▶ TASK DESCRIPTION
Pictures should be left out when the listing below is repeated word for word.

▶ SOURCE MATERIAL
===============
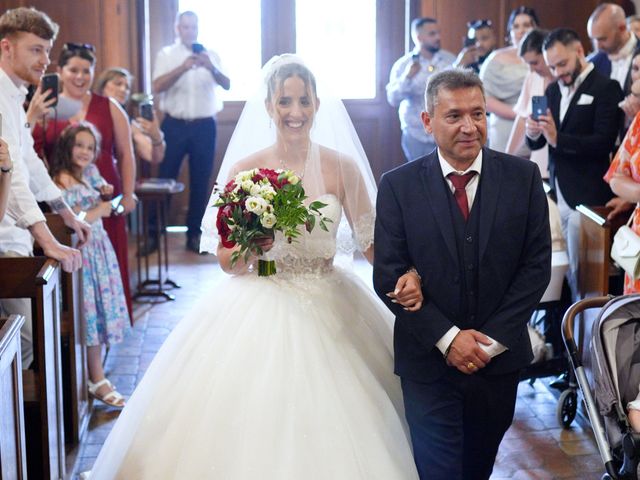 Le mariage de Shirley et Dylan à Moissy-Cramayel, Seine-et-Marne 16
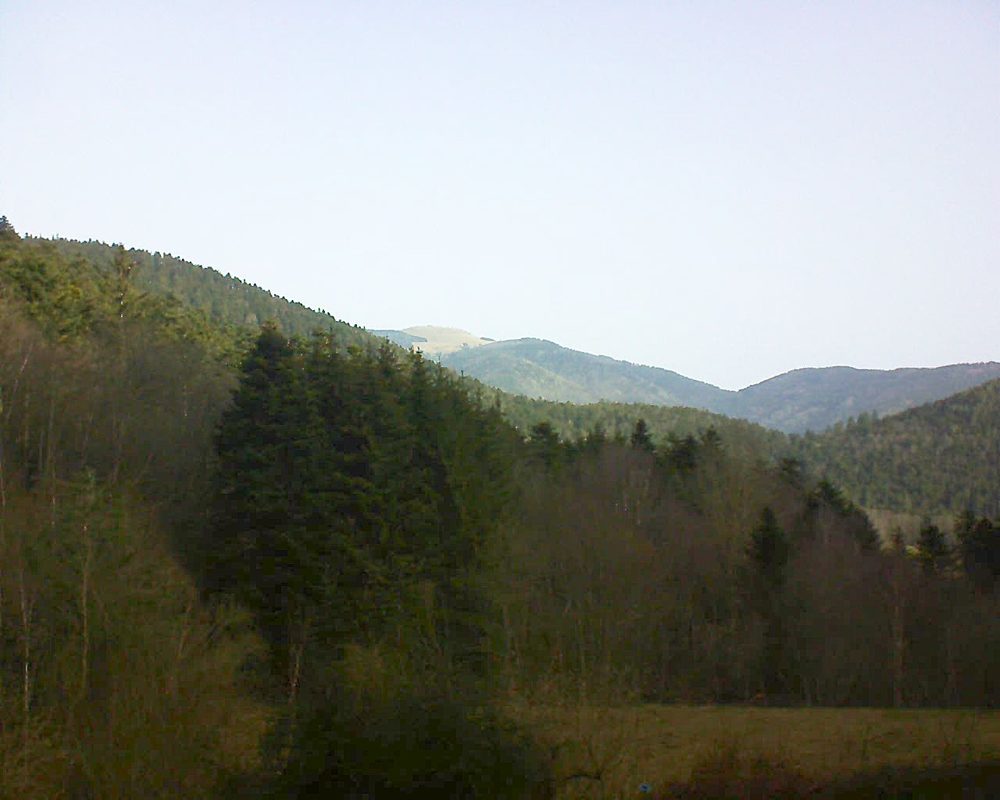 Le petit ballon vu depuis le Domaine Langmatt à Murbach le 23.02.2021 à 09:45 Le petit ballon (Alsace, Vosges) le 23.02.2021 à 09:45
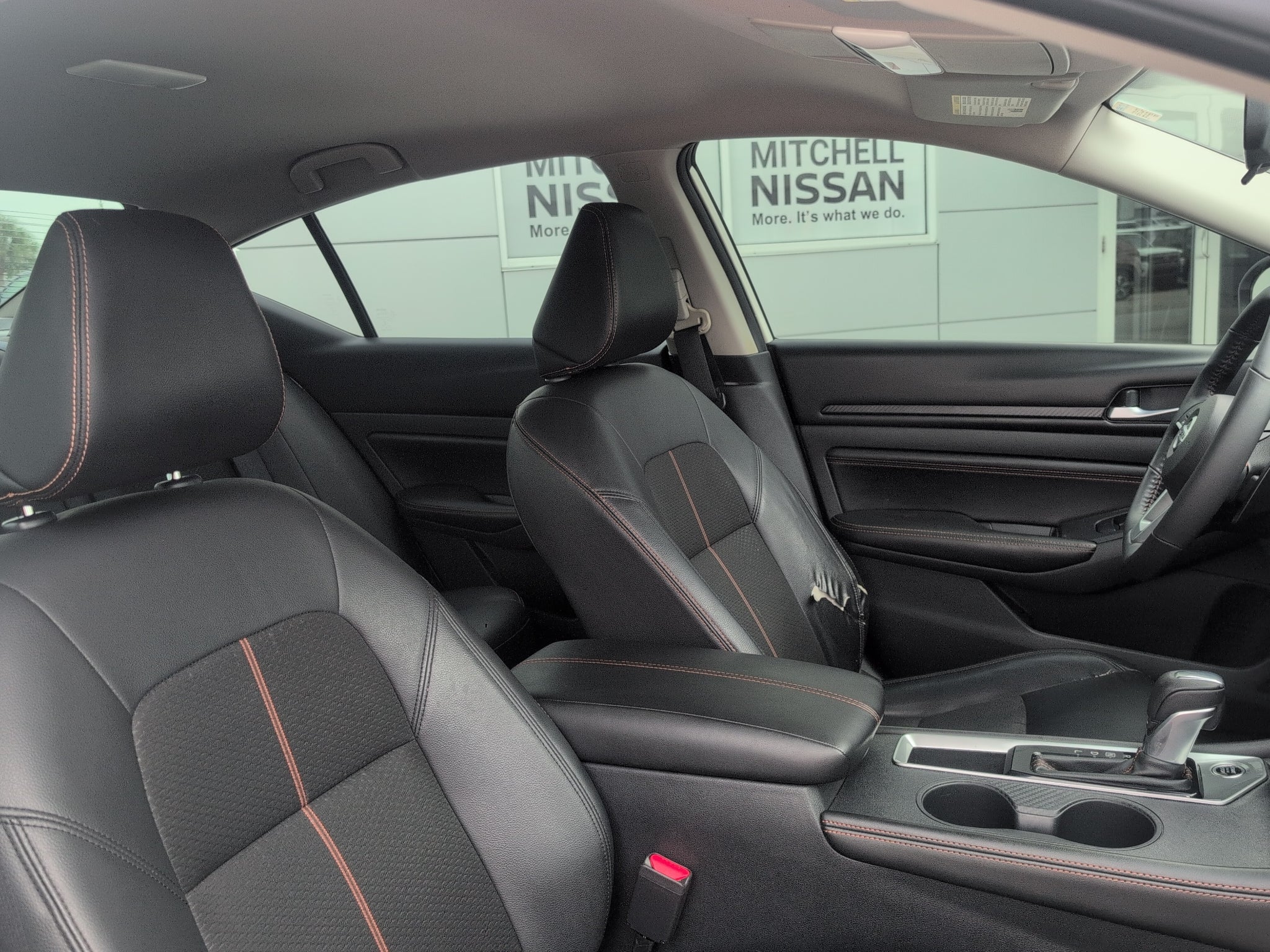 2022 Nissan Altima SR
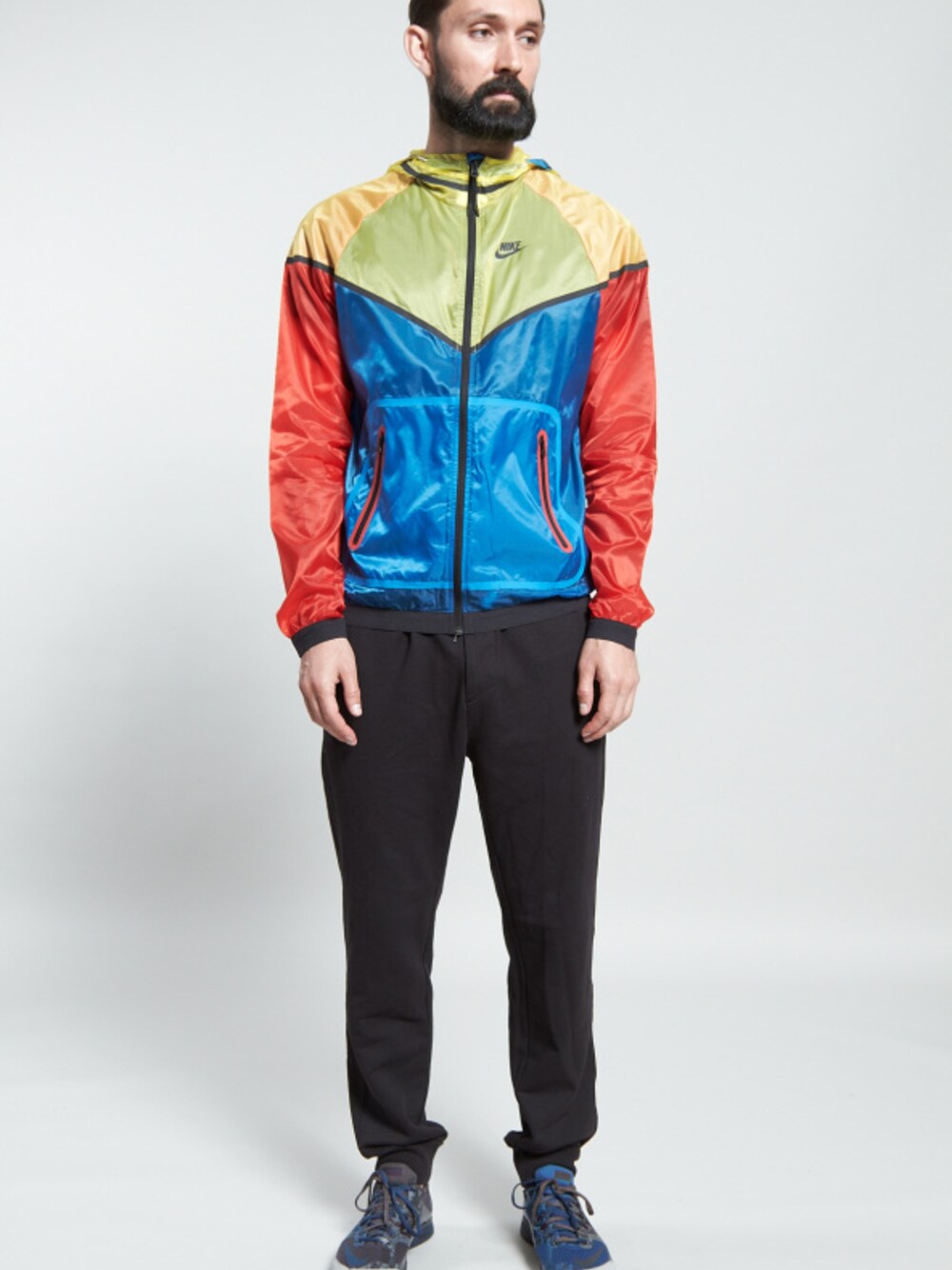 その他のナイロンジャケットを着用したメンズの春コーディネートの1枚目の写真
===============
▶ ANSWER FOR THE TASK
 Le mariage de Shirley et Dylan à Moissy-Cramayel, Seine-et-Marne 16
 Le petit ballon vu depuis le Domaine Langmatt à Murbach le 23.02.2021 à 09:45 Le petit ballon (Alsace, Vosges) le 23.02.2021 à 09:45
 2022 Nissan Altima SR
 その他のナイロンジャケットを着用したメンズの春コーディネートの1枚目の写真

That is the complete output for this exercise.